Mary Mad, the aggressive outside housekeeper, suggested we come up with a list of qualifications, sort of bench marks, and at least we, informally, apply these to all the people who want to run for office. Rosey made the first proposal. She said any applicant cannot have a mustache. Mary Mad, for obvious reasons, insisted we vote that down.

Peno had been very quiet and then he suggested that, at a minimum, they should know “how to screw the pooch.” As you may know, Peno was in the Navy and that’s the way he talks.

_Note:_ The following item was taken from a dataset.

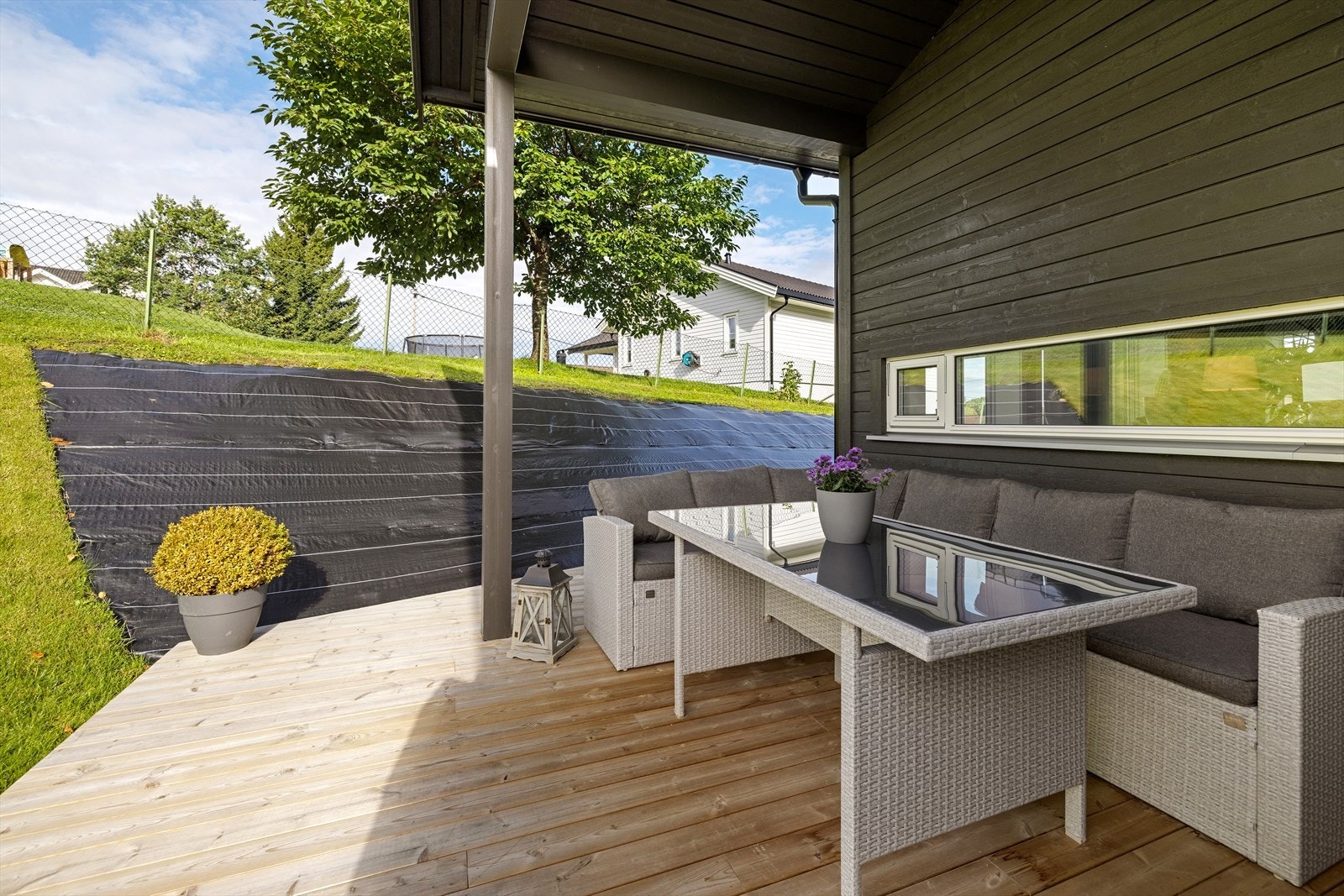Terrassen er delvis overbygget. Galleribilde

This really upset Rosey and she didn’t quite know how to make out what he was saying but insisted he leave the hot tub immediately and that broke up the session.

We’ll get back to you.

Best regards,
An Insignificant Reader

The City Wire responded:

Dear Insignificant Reader and owner of Rosey:

It may be that Peno is the only one with the correct perspective on the matter. Before Rosey nips at my shins and removes us from the promised consideration for one of her “off-the-record” hot tub executive sessions, please hear us out.

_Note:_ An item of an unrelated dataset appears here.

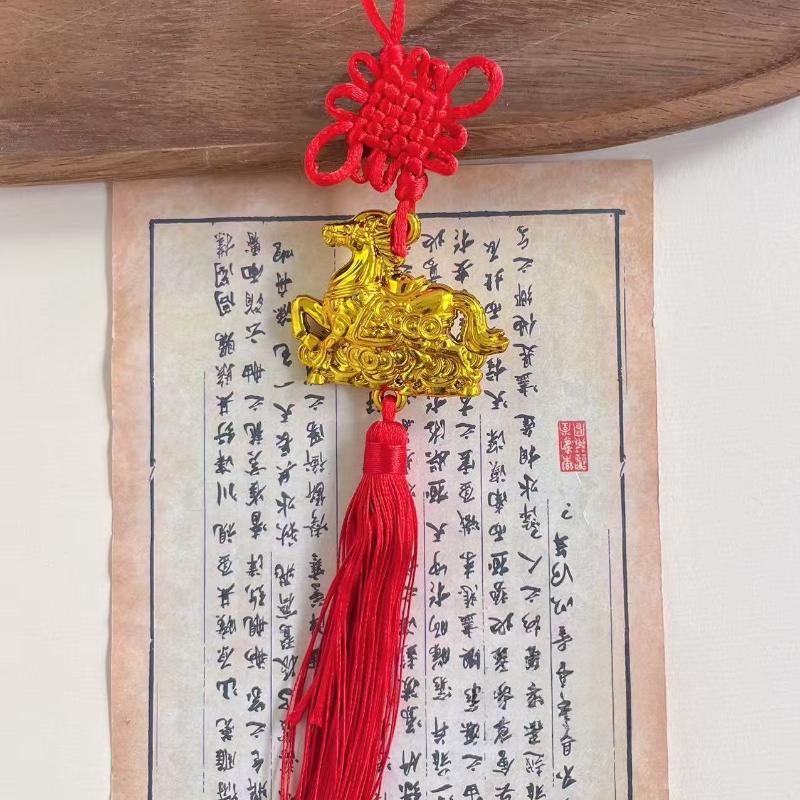 Chinese Zodiac Horse Lucky Tassels Pendant Car Hanging Ornament Spring Festival Home Decorations Accessories New Year Gifts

Two of Arkansas’ most popular and successful — success in terms accomplishments and in moving up the political ladder — also happen to be in the top four of the top 53 political sex scandals according to Politicker.com. Or course, our former Gov. and President Bill Clinton takes the No. 1 spot after getting Lewinskied in the Oval Office.

Rep. Wilbur Mills, a Democratic congressman from Searcy who became the chairman of the powerful House Ways and Means Committee and was a presidential candidate in 1972, was busted several times during intoxicated romps with stripper Fanne Foxe. Mills, who ranks fourth on the Politicker list, once held a press conference from Foxe’s dressing room in the burlesque house where she performed. Now, that’s just good-old fashioned in-your-face and whatcha-gonna-do-about-it screwing the pooch that folks could get away with in the quiet time before Facebook, cable news and Viagra.

One might think Rosey would be proud and/or inspired that the small state of Arkansas could score so well in the top 53 list. Also, it’s likely Rosey appreciates how these two leading politicians were able to “screw the pooch” at the height of their power and popularity. Mills had a drinking problem he was later able to overcome. Clinton was just an All-American red-blooded horn dog.

We’re not suggesting Rosey do something wild like displaying her (or his) sexual proclivities in the Oval Office, Tidal Basin or other public venues. We do suggest that her lust for attention may best be sated by first getting elected and then doing something untoward with one or both of the big marble legs at the Lincoln Memorial. A call to the national media 15-30 minutes ahead of her leg work wouldn’t hurt.

Please know we are just trying to help.